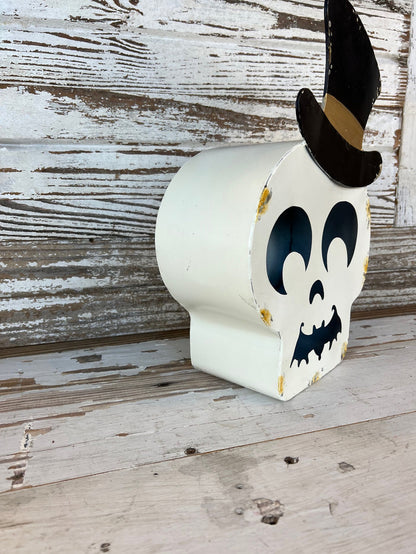 Skeleton Candle Holder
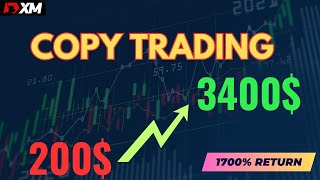 Copy Trading Forex 💰 Xm Copy Trading [upl. by Sheffield]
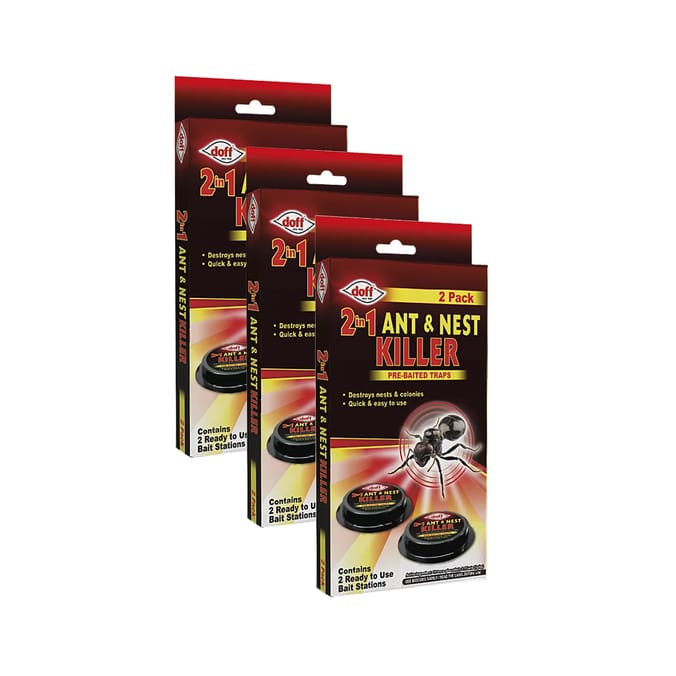 Doff Ant Bait Station Twin Pack x3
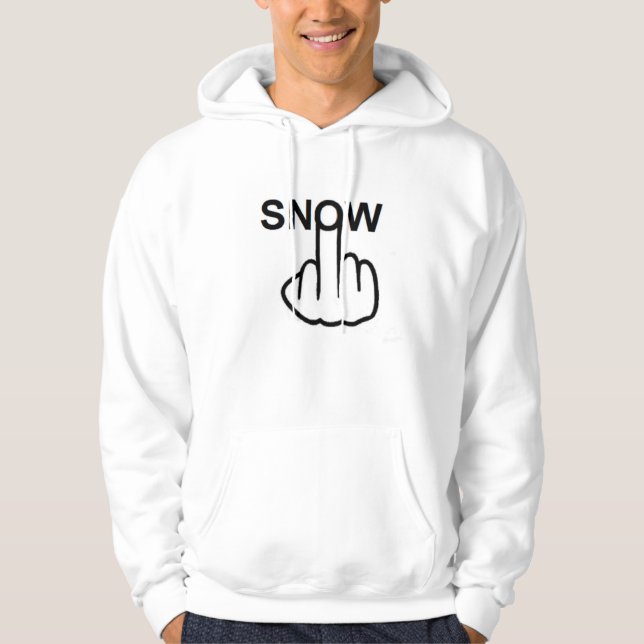 Hoodie Snow Flip (Front)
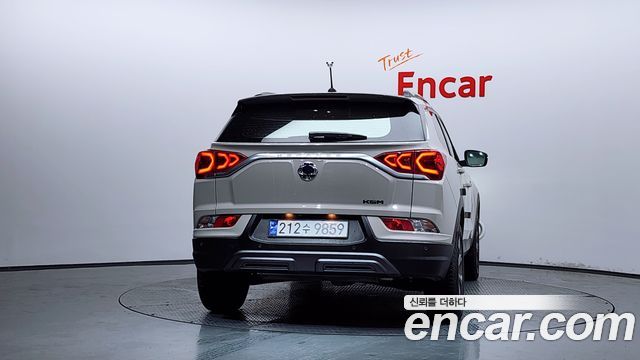 Ssangyong KORANDO из Кореи Encar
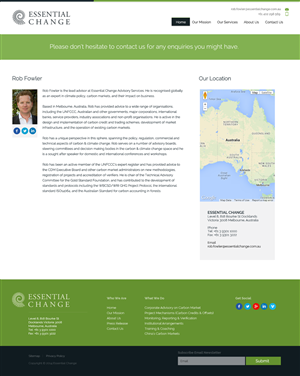 Web Design by bedesign for this project | Design: #4975467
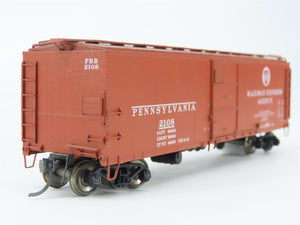 HO Scale Red Caboose RR-37028-1 PRR Pennsylvania 1924 X-29 Box Car #2108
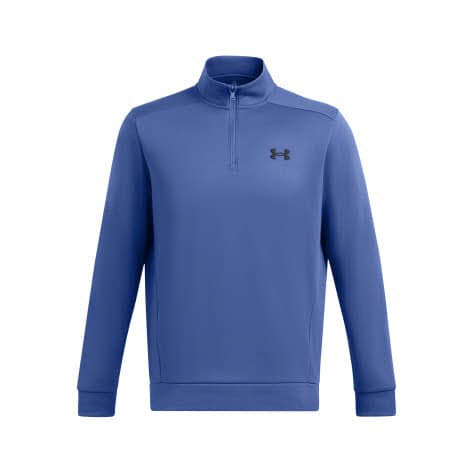 UA Armour Fleece 1/4 Zip-BLU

------------------------------------

### Task details
All that belongs in the answer is the exact run of lines from the line containing "Web Design by" to the end of the listing above, pictures removed.

### Solved exercise
 Web Design by bedesign for this project | Design: #4975467
 HO Scale Red Caboose RR-37028-1 PRR Pennsylvania 1924 X-29 Box Car #2108
 UA Armour Fleece 1/4 Zip-BLU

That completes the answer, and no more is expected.